WHAT THE TASK ASKS: In the entries below, find the line with "Ibis Paris Boulogne" and the line with "Pella® 250 Series". Return those two lines and all lines between them, exactly.

TASK MATERIAL:
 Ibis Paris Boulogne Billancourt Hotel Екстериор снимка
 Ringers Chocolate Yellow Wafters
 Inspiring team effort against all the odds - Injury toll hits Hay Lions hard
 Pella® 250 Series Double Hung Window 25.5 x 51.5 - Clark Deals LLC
* * *
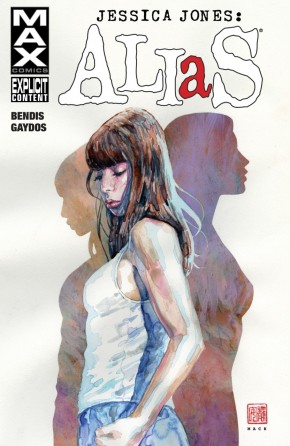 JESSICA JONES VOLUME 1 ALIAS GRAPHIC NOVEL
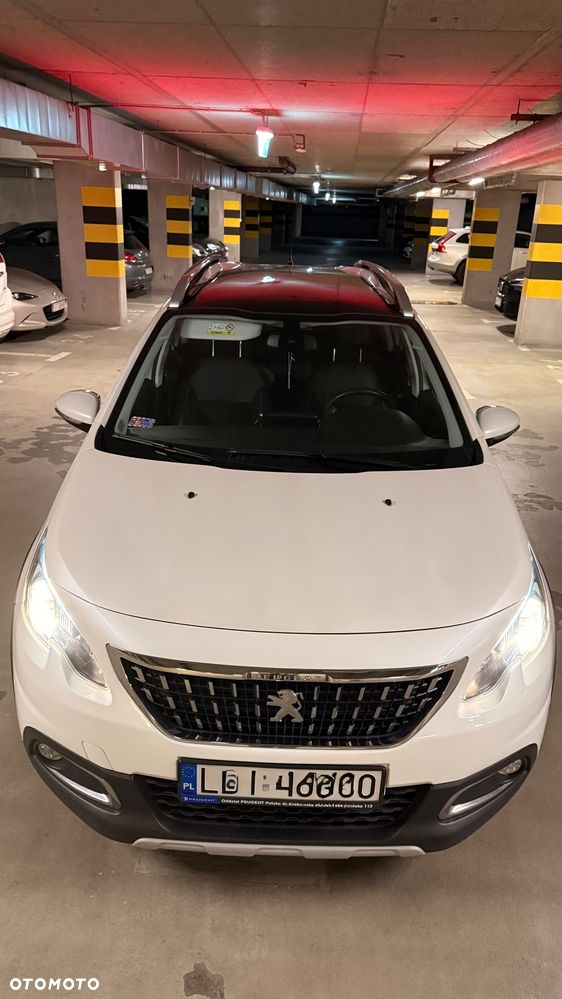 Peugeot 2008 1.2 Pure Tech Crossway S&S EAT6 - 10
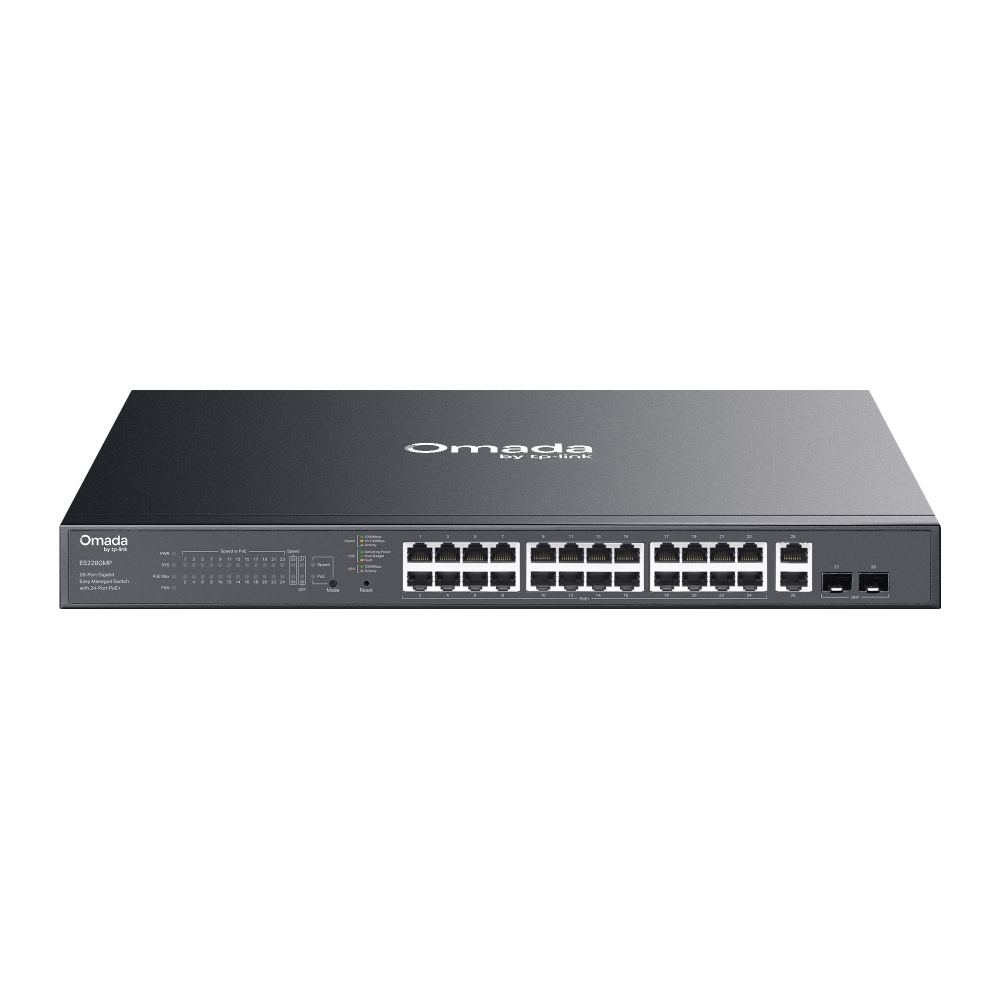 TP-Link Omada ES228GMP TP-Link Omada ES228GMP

THE COMPLETED TASK:
 Ibis Paris Boulogne Billancourt Hotel Екстериор снимка
 Ringers Chocolate Yellow Wafters
 Inspiring team effort against all the odds - Injury toll hits Hay Lions hard
 Pella® 250 Series Double Hung Window 25.5 x 51.5 - Clark Deals LLC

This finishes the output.